# Should tarantula poop be cleaned up?



## UralOwl (Jan 23, 2013)

The main reason I ask this is because my A. versicolor has little blobs of poop covering the leaves in her enclosure. When she defecates on the glass, it's easy for me to just wipe off, but the leaves are another story. I don't want to take the leaves out and wash them as she's got her tube webbing behind them and I wouldn't want to destroy it.

Aside from it being a bit displeasing on the eye, is there any need to clean out tarantula faeces? Can it affect the tarantula in any kind of way if left idle after a period of time?
I've never really cleaned it out before (aside from wiping it off the glass in my avic's case) and my G. porteri has poop lining the glass on the front side of her enclosure now, but she couldn't seem to care less; she's probably one of the most inactive Ts I've got.


----------



## SuzukiSwift (Jan 23, 2013)

There really isn't any need, even if you cleaned the poop from the leaves she would just poop on it again anyway, best to not disturb her and her web and just leave the poop there =) My versi has poop on her leaves to that's been there for a long time and it doesn't bother her, that's why they leave their tunnel web to poop, so they don't mess up where they spend most of their time lol

Reactions: Like 1


----------



## MarkmD (Jan 23, 2013)

I don't usually clean poop that often, sometimes every month or if not bad every 3 months.


----------



## jakykong (Jan 23, 2013)

I do like to clean poop off the front/front of the sides of enclosures, for aesthetic reasons. It doesn't seem to be a necessity for the tarantula, though.
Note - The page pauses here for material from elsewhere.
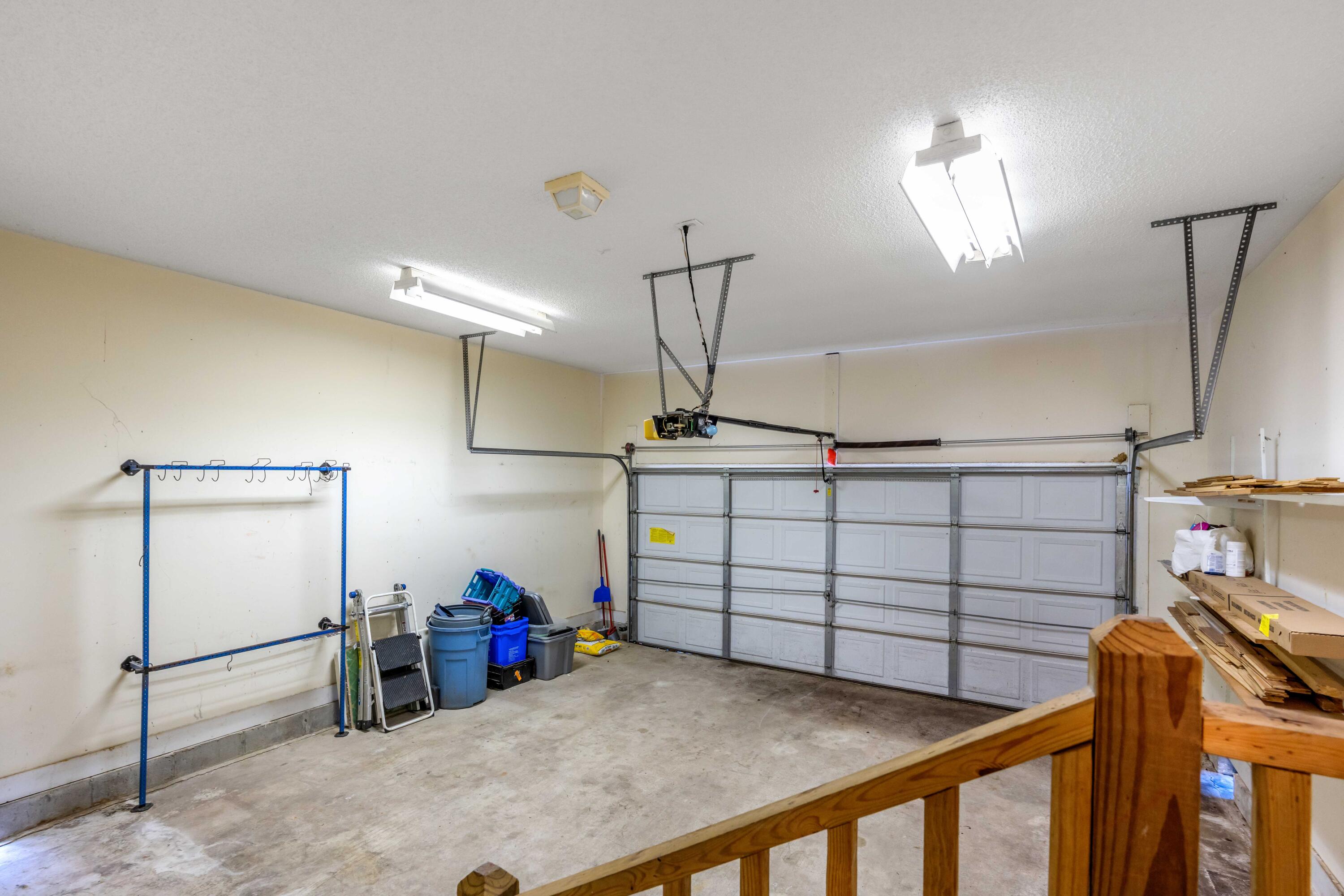 751 Woodland Pointe Place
FWIW, it does clean easy - just a Q-tip and some water is all I use.


----------



## hamhock 74 (Jan 23, 2013)

I do a complete clean of everything only when I move the tarantula to another enclosure, hot water and white vinegar. Some cages I haven't touched in 1.5 years, no problems.


----------



## UralOwl (Jan 24, 2013)

Thanks for all the replies.



jakykong said:


> I do like to clean poop off the front/front of the sides of enclosures, for aesthetic reasons. It doesn't seem to be a necessity for the tarantula, though.
> 
> FWIW, it does clean easy - just a Q-tip and some water is all I use.
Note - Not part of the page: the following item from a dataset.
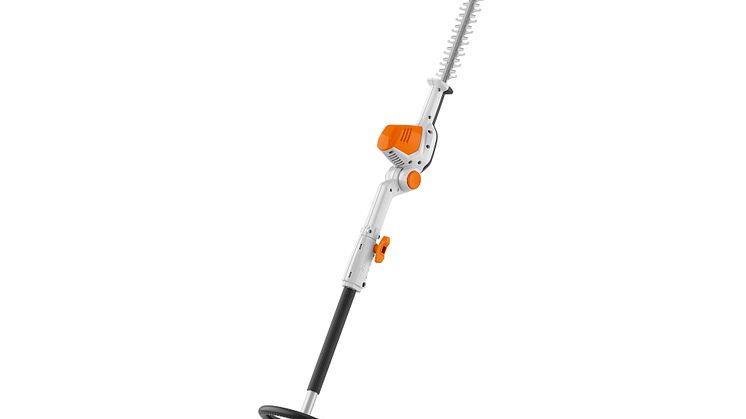 Nå högre höjder med nya batteridrivna stånghäcksaxen från STIHL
I actually hadn't thought of this before, lol. Problem is, my Versicolor tends to be out in the open about 70% of the time, and she can be pretty skittish, so I'd have to wait till she's in her webbing before I could do some leaf cleaning. I'll try it out sometime though.


----------



## Solucki (Jan 24, 2013)

Also, for those hard to reach places, I use a chopstick or skewer wrapped with wet paper towel.


----------



## macbaffo (Jan 24, 2013)

*R: Should tarantula poop be cleaned up?*

Aside for aesthetic and visibility of the enclosure from outside to inside there is no particular side effect on leaving poop around. 
If you have a really well ventilated enclosure you could mist water inside all over glass and leaves once in a month or so. 
Once a year a complete remake of the setup is advised also for scratching poop away from stuff.


----------



## poisoned (Jan 25, 2013)

macbaffo said:


> Once a year a complete remake of the setup is advised also for scratching poop away from stuff.
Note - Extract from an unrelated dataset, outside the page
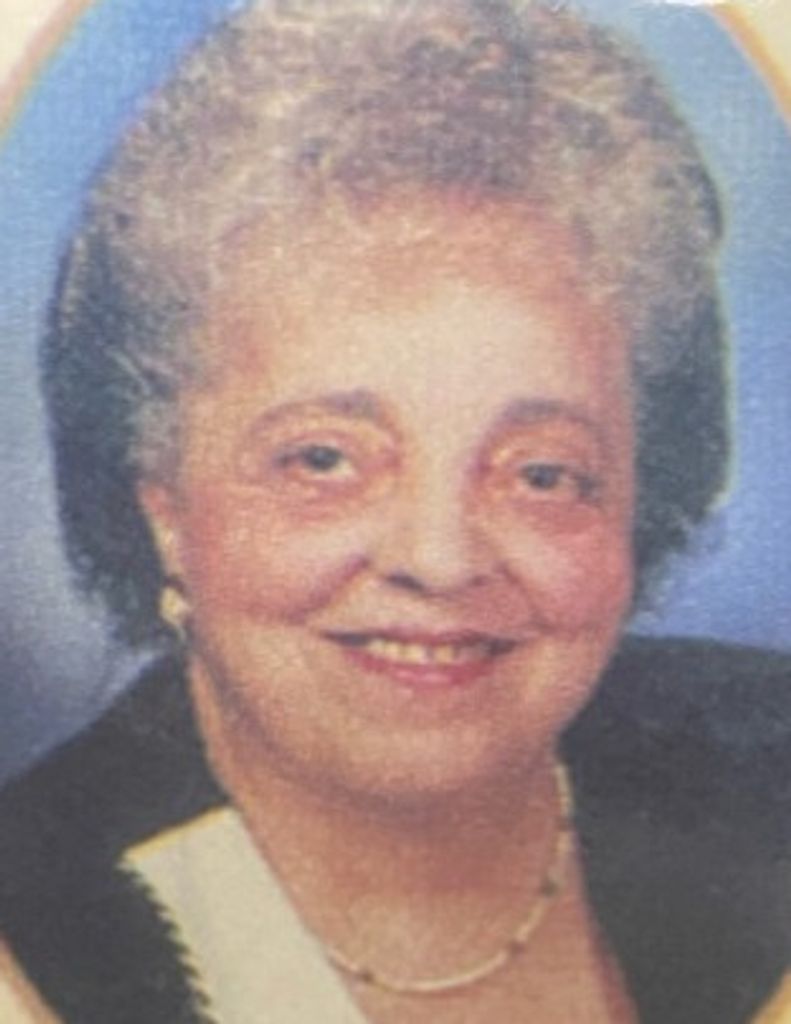 Mary Ann (Loquasto)  Leviner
It's uneccessary, but can be done for owners pleasure.


----------



## McGuiverstein (Jan 25, 2013)

jakykong said:


> I do like to clean poop off the front/front of the sides of enclosures, for aesthetic reasons. It doesn't seem to be a necessity for the tarantula, though.
> 
> FWIW, it does clean easy - just a Q-tip and some water is all I use.


Same here.

OP, I don't think you have to worry about it.


----------